Oliver Wendell Holmes wrote a poem entitled The Dorchester Giant that describes Boston’s puddingstone being the result of the abandoned children of a giant flinging plum pudding about:

What are those lone ones doing now,
The wife and the children sad?
Oh, they are in a terrible rout,
Screaming, and throwing their pudding about,
Acting as they were mad.

They flung it over to Roxbury hills,
They flung it over the plain,
And all over Milton and Dorchester too
Great lumps of pudding the giants threw;
They tumbled as thick as rain.

Puddingstone is also to be imbued with magical and protective powers. Herfordshire Puddingstone was used to cover the top of witch’s coffin to prevent her to escape in death.

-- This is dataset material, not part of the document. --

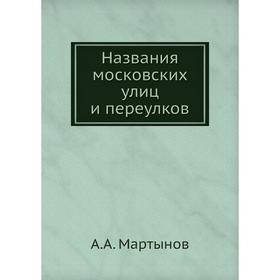 

Названия московских улиц и переулков. А. А. Мартынов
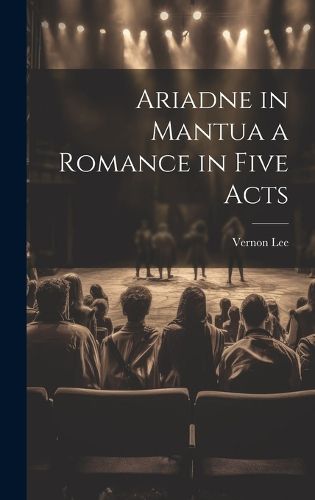 Cover image for Ariadne in Mantua a Romance in Five Acts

Update: Here’s the whole poem:

The Dorchester Giant
By Oliver Wendell Holmes (1830)

There was a giant in time of old,
A mighty one was he;
He had a wife, but she was a scold,
So he kept her shut in his mammoth fold;
And he had children three.

It happened to be an election day,
And the giants were choosing a king;
The people were not democrats then,
They did not talk of the rights of men,
And all that sort of thing.

Then the giant took his children three,
And fastened them in the pen;
The children roared; quoth the giant, “Be still!”
And Dorchester Heights and Milton Hill
Rolled back the sound again.

Then he brought them a pudding stuffed with plums,
As big as the State-House dome;
Quoth he, “There’s something for you to eat;
So stop your mouths with your ‘lection treat,
And wait till your dad comes home.”

So the giant pulled him a chestnut stout,
And whittled the boughs away;
The boys and their mother set up a shout.
Said he, “You’re in, and you can’t get out,
Bellow as loud as you may.”

Off he went, and he growled a tune
As he strode the fields along
‘Tis said a buffalo fainted away,
And fell as cold as a lump of clay,
When he heard the giant’s song.

But whether the story’s true or not,
It isn’t for me to show;
There’s many a thing that’s twice as queer
In somebody’s lectures that we hear,
And those are true, you know.

. . . . . .

What are those lone ones doing now,
The wife and the children sad?
Oh, they are in a terrible rout,
Screaming, and throwing their pudding about,
Acting as they were mad.

They flung it over to Roxbury hills,
They flung it over the plain,
And all over Milton and Dorchester too
Great lumps of pudding the giants threw;
They tumbled as thick as rain.

. . . . .

Giant and mammoth have passed away,
For ages have floated by;
The suet is hard as a marrow-bone,
And every plum is turned to a stone,
But there the puddings lie.

And if, some pleasant afternoon,
You’ll ask me out to ride,
The whole of the story I will tell,
And you shall see where the puddings fell,
And pay for the punch beside.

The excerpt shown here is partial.